# Breusch-Pagan test

## Breusch-Pagan test :

The Breusch-Pagan test is a statistical test used to assess the presence of heteroscedasticity in a linear regression model. Heteroscedasticity refers to the unequal variance of the error terms in the model, which can lead to biased estimates of the regression coefficients and inaccurate inference.
To understand the Breusch-Pagan test, it is helpful to first review the assumptions of linear regression. One of these assumptions is that the error terms are homoscedastic, meaning that they have constant variance across different values of the independent variables.

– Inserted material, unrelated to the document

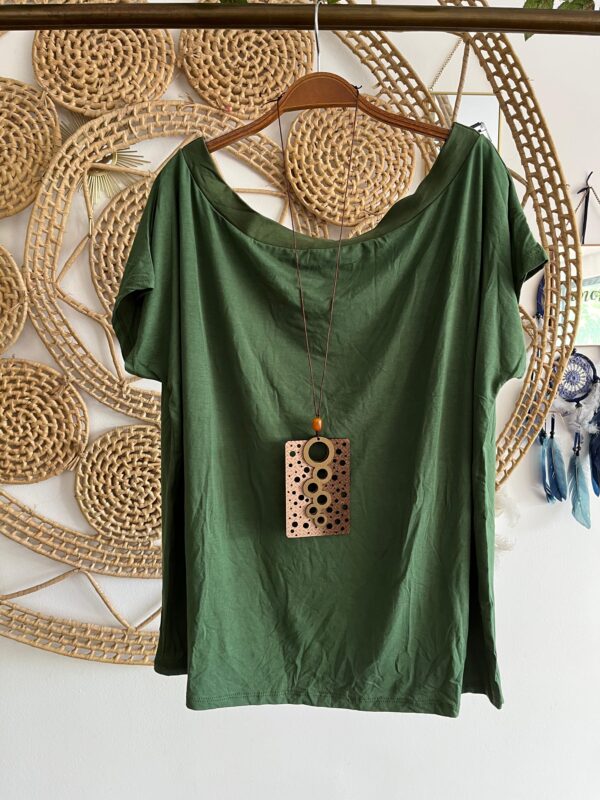 Blusa Gola Canoa Verde Militar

This assumption allows us to use the ordinary least squares (OLS) method to estimate the regression coefficients, which are unbiased and have the smallest possible variance.

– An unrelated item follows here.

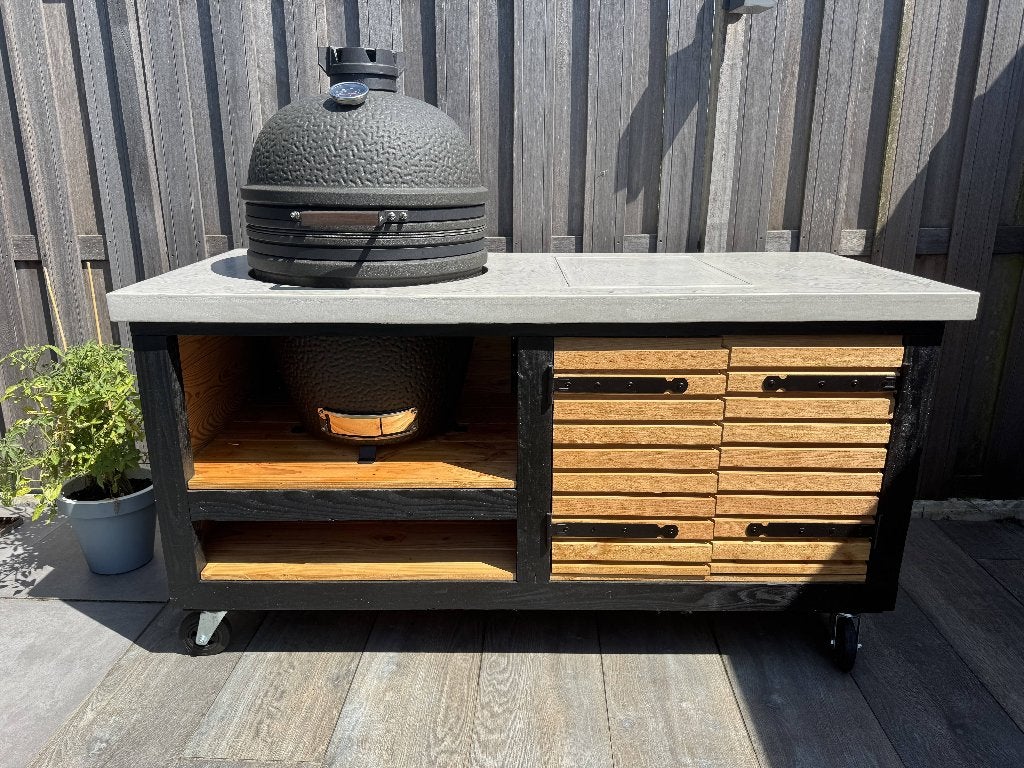 Zelf gemaakte BBQ tafel, Ophalen, Zo goed als nieuw, Onbekend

However, if the error terms are heteroscedastic, the OLS estimates are still unbiased but they are no longer the best estimators. In this case, the variance of the error terms increases with the magnitude of the independent variables, leading to inaccurate inference. To deal with this problem, we can use weighted least squares (WLS) to adjust the weights of the observations according to their variances, or we can use robust standard errors to obtain more accurate inference.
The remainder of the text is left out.